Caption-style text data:
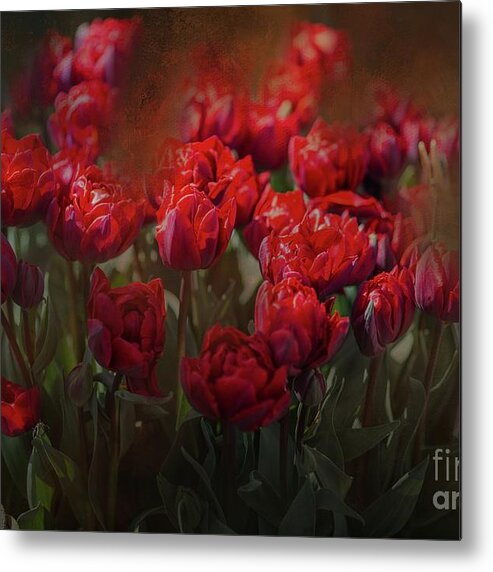 Tulips Metal Print featuring the photograph Red Tulips by Eva Lechner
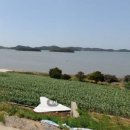 큰마당공인중개사사무소 이미지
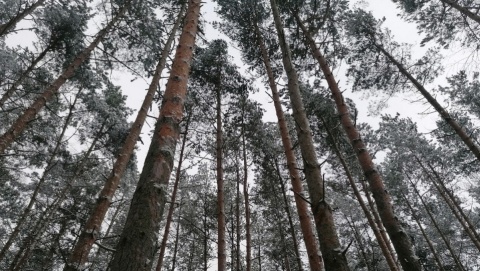 Leśnicy z regionu zachęcają do nocowania w lesie. Zielone hotele są za darmo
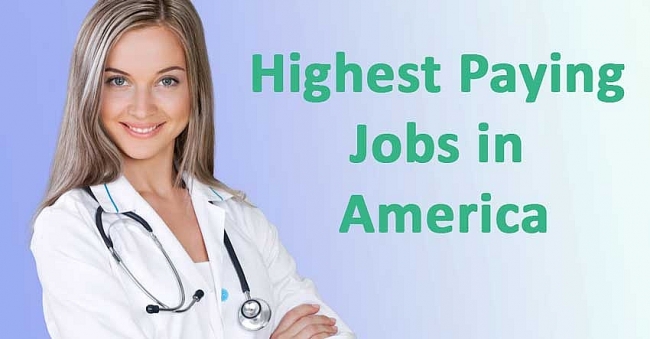 the top highest paying jobs best salary careers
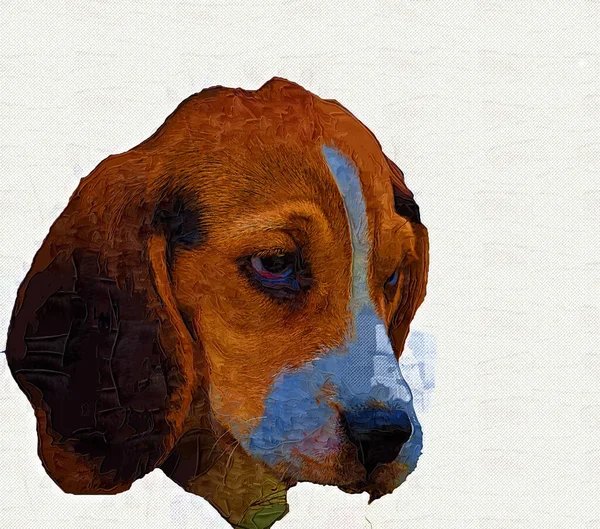 美丽的小猎犬孤立 古画草图 — 图库照片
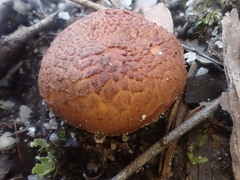 Tricholoma eucalypticum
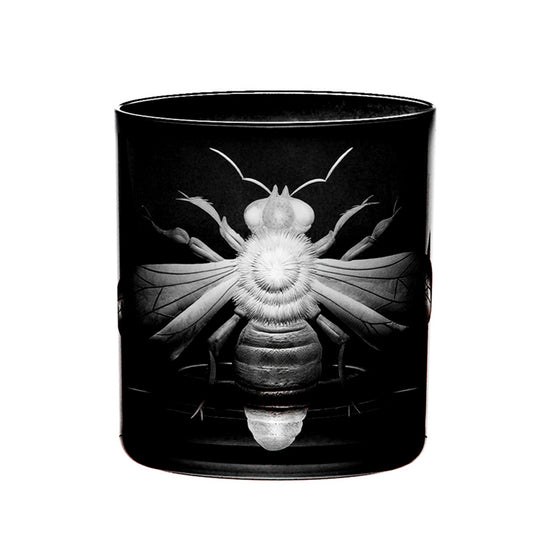 Cabinet of Curiosities Imperial Bee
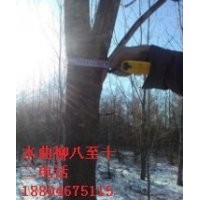 大量云杉密枝三米至六米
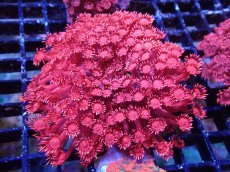 画像1: 【送料無料対象商品】【サンゴ】【通販】ハナガササンゴ（RED)Mサイズ（個体販売）（±8cm)No.2（生体）（サンゴ） (1)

Description of the task:
Your response must restate every record above exactly, with each picture omitted.

Solved exercise:
 Tulips Metal Print featuring the photograph Red Tulips by Eva Lechner
 큰마당공인중개사사무소 이미지
 Leśnicy z regionu zachęcają do nocowania w lesie. Zielone hotele są za darmo
 the top highest paying jobs best salary careers
 美丽的小猎犬孤立 古画草图 — 图库照片
 Tricholoma eucalypticum
 Cabinet of Curiosities Imperial Bee
 大量云杉密枝三米至六米
 画像1: 【送料無料対象商品】【サンゴ】【通販】ハナガササンゴ（RED)Mサイズ（個体販売）（±8cm)No.2（生体）（サンゴ） (1)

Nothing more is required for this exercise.